Brighthouse Financial Inc. (BHF) shares soared more than 26% on Thursday after the company announced it had entered into a definitive agreement to be acquired by private investment firm Aquarian Capital in an all-cash deal valuing the company at $70.00 per share.
The news sent Brighthouse stock to a new 52-week high, closing at $65.70, a dramatic single-day gain of 26.83%. The acquisition agreement provided a substantial premium over the company's previous closing price and effectively eclipsed its simultaneous third-quarter earnings report, which fell short of analyst expectations.
The acquisition announcement was made in conjunction with Brighthouse's Q3 2025 financial results. In a move typical of such buyouts, Brighthouse canceled its previously scheduled conference call with analysts and investors to discuss the quarterly performance, focusing all attention on the impending transaction.

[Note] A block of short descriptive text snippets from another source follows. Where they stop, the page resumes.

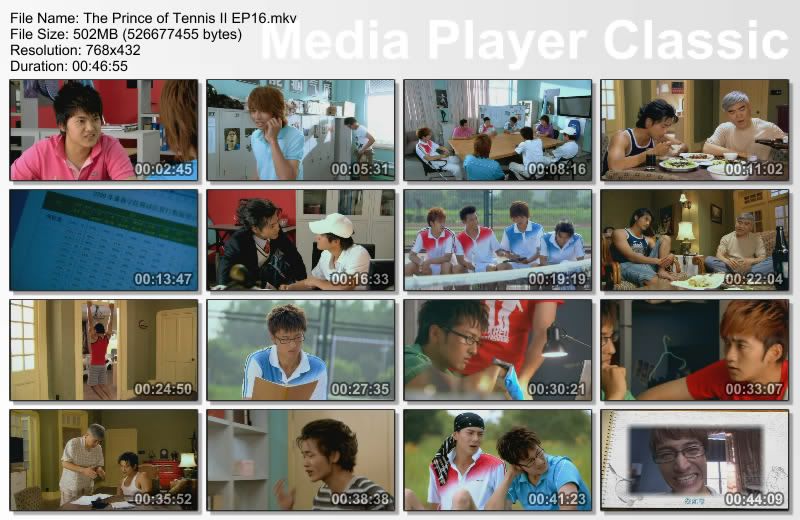 Addicts :: View topic - The Prince of Tennis II EP16(DVD 768x432 ...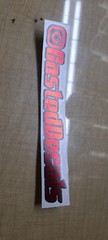 Instagram Decals for cars | Lettering Stickers | snapchat | Double Color Decals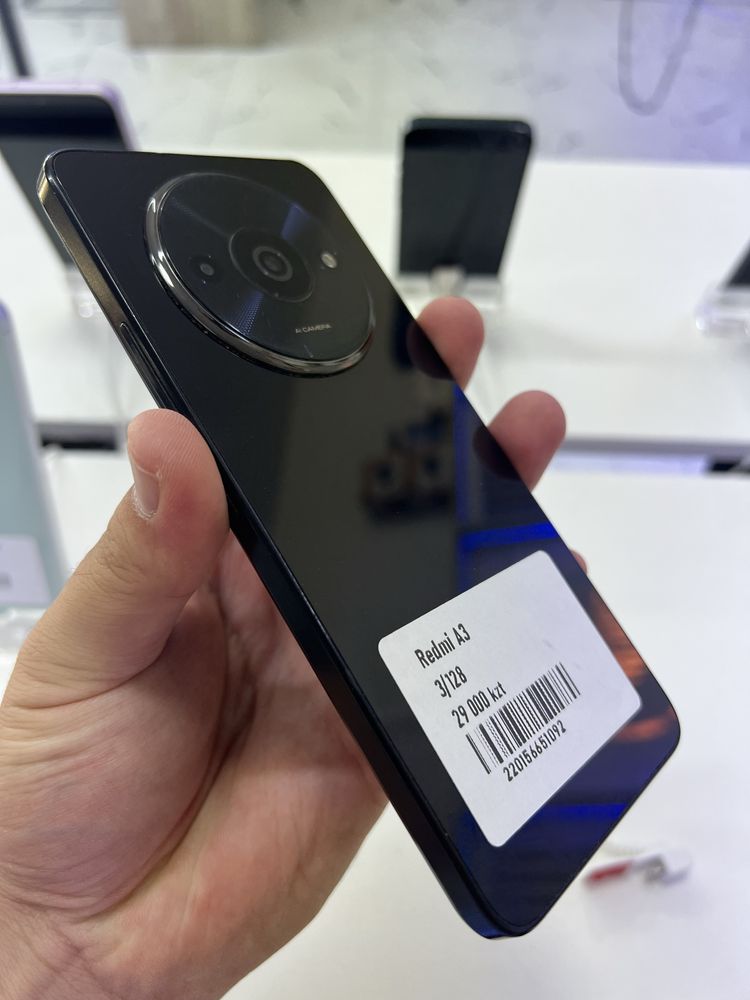 Redmi A3 128gb все работает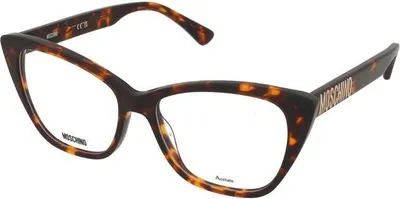 Produktbild von Moschino MOS642 Havana 52/15/140 Damen Brillen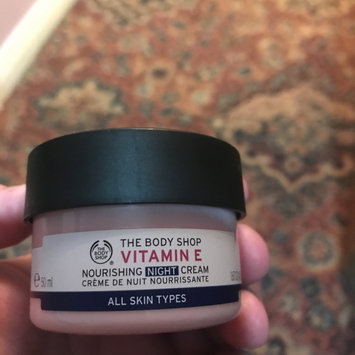 Photo of THE BODY SHOP® Vitamin E Nourishing Night Cream uploaded by Cherie R.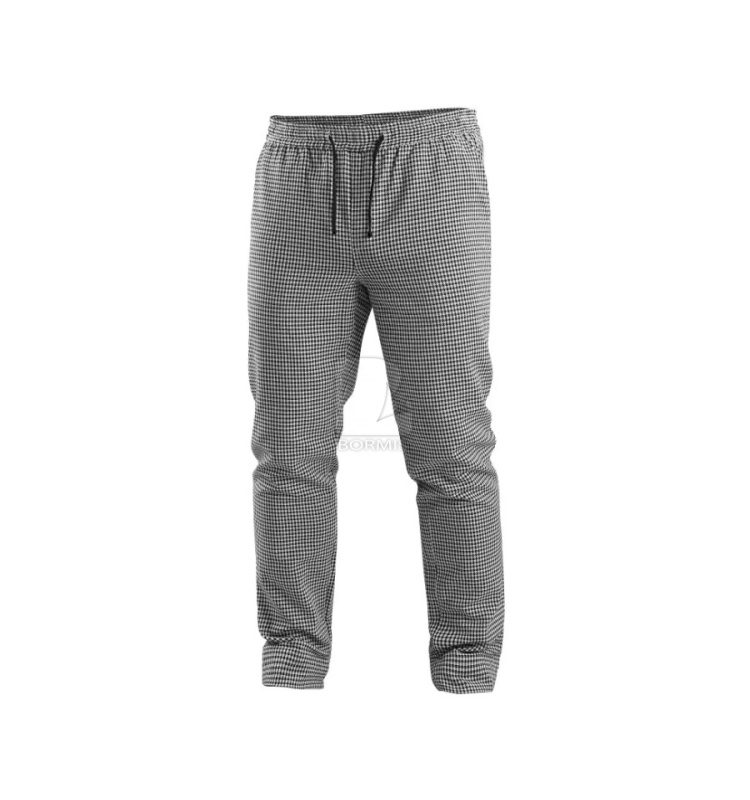 Zdravotnícke a gastro odevy - Pánske kuchárske pepito nohavice CXS ENZO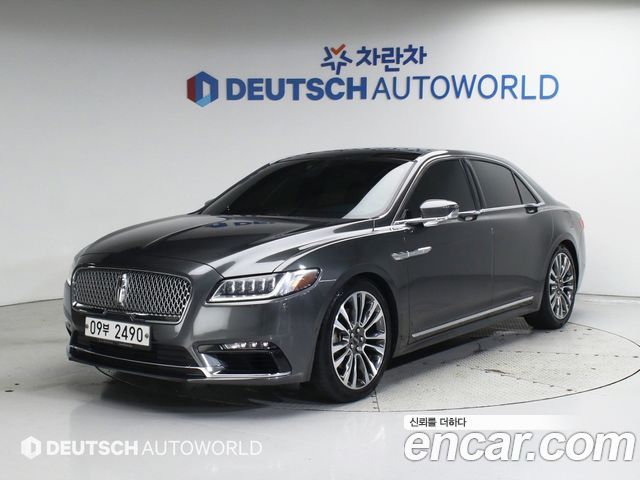 Lincoln Continental 2016 thumb 12
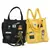 Bolsa de Lona Dobrável de Grande Capacidade para Mulheres - Simples e Versátil - loja online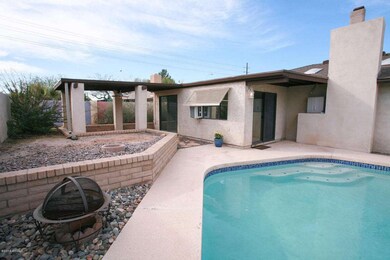 Pool, wrap around raised bed and pergola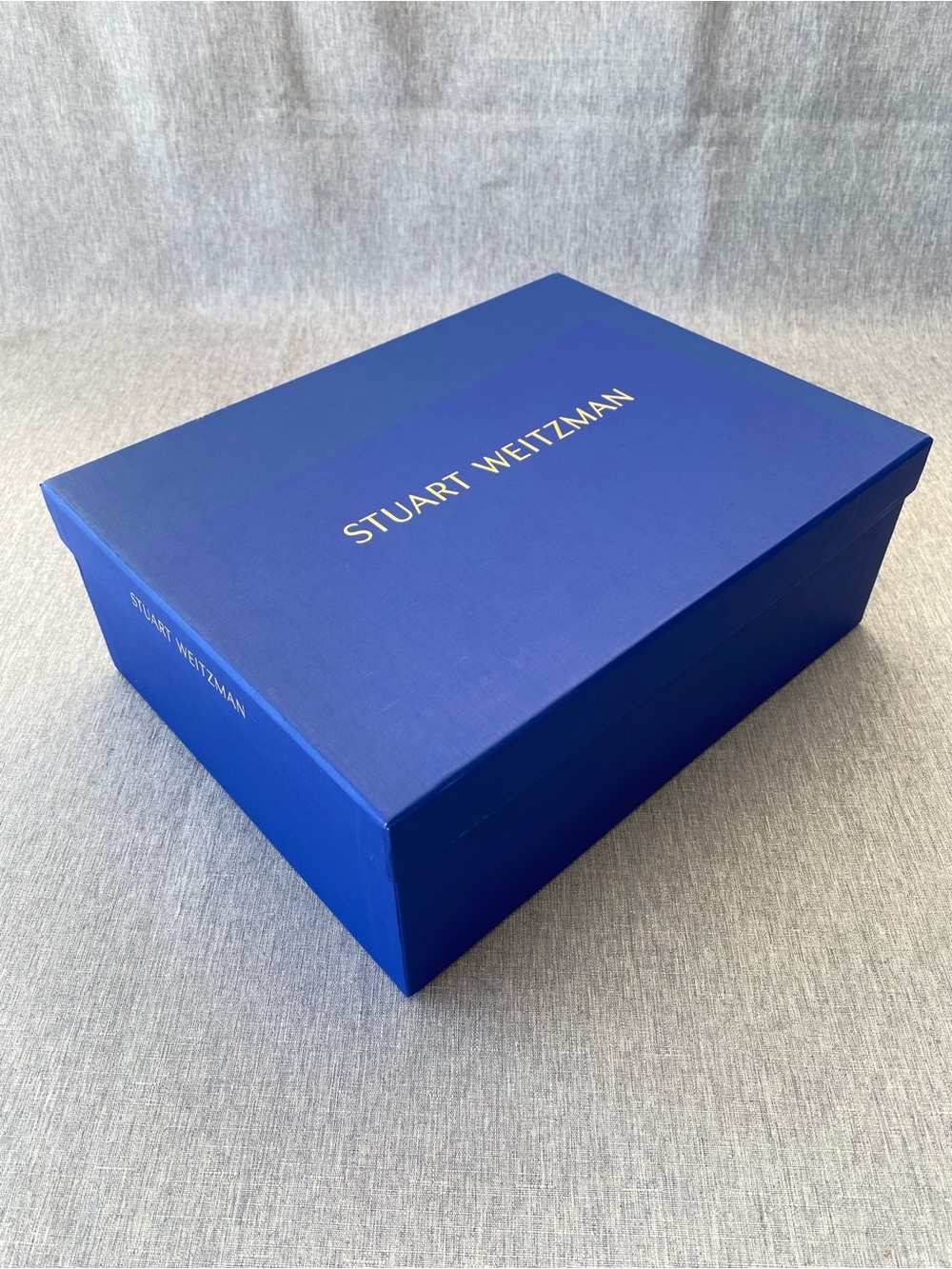 Authentic Stuart Weitzman | Shoe Box | Gift Decoration Storage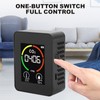 CO2 Detector Air Quality Monitor TVOC Tester USB Charging Thermometer
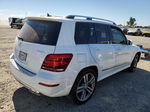 2013 Mercedes-benz Glk 350 4matic White vin: WDCGG8JB2DF986640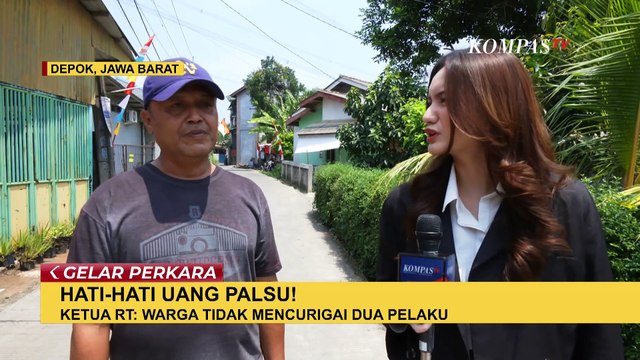 Hati-Hati Uang Palsu, Pengedar Sasar Pedagang di Pasar Tradisional untuk Edarkan Uang Palsu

While the market's attention was firmly on the buyout, the company's underlying performance highlighted potential headwinds. For the third quarter, Brighthouse reported adjusted earnings of $4.54 per share, missing the consensus Wall Street estimate of approximately $5.06 per share. Net income available to shareholders was $453 million, or $7.89 per diluted share. Despite the earnings miss, the significant premium offered by Aquarian Capital drove the day's trading activity, rendering the quarterly results a secondary factor for investors.
Analysts were quick to react to the acquisition news. Morgan Stanley upgraded Brighthouse Financial's stock to 'Equalweight' from 'Underweight' and adjusted its price target to $70.00, aligning it directly with the acquisition price. The move reflects a valuation based on the certainty of the buyout rather than the company's standalone operational performance.
Brighthouse Financial, one of the largest providers of annuities and life insurance in the U.S., was spun off from MetLife in 2017. The company has since operated in a competitive environment, navigating fluctuating interest rates and market volatility that directly impact its investment income and policyholder liabilities. The acquisition by Aquarian Capital will take the company private, shielding it from public market pressures.
The company's preliminary financial disclosures for the quarter indicated a strong capital position, with combined total adjusted capital of $5.4 billion and an estimated combined risk-based capital ratio between 435% and 455%. As is common with acquisition announcements, at least one law firm has announced an investigation into the deal, a procedural step in major corporate transactions.
With the transaction pending shareholder and regulatory approval, the focus for Brighthouse now shifts from quarterly performance to the successful closing of the deal with Aquarian Capital.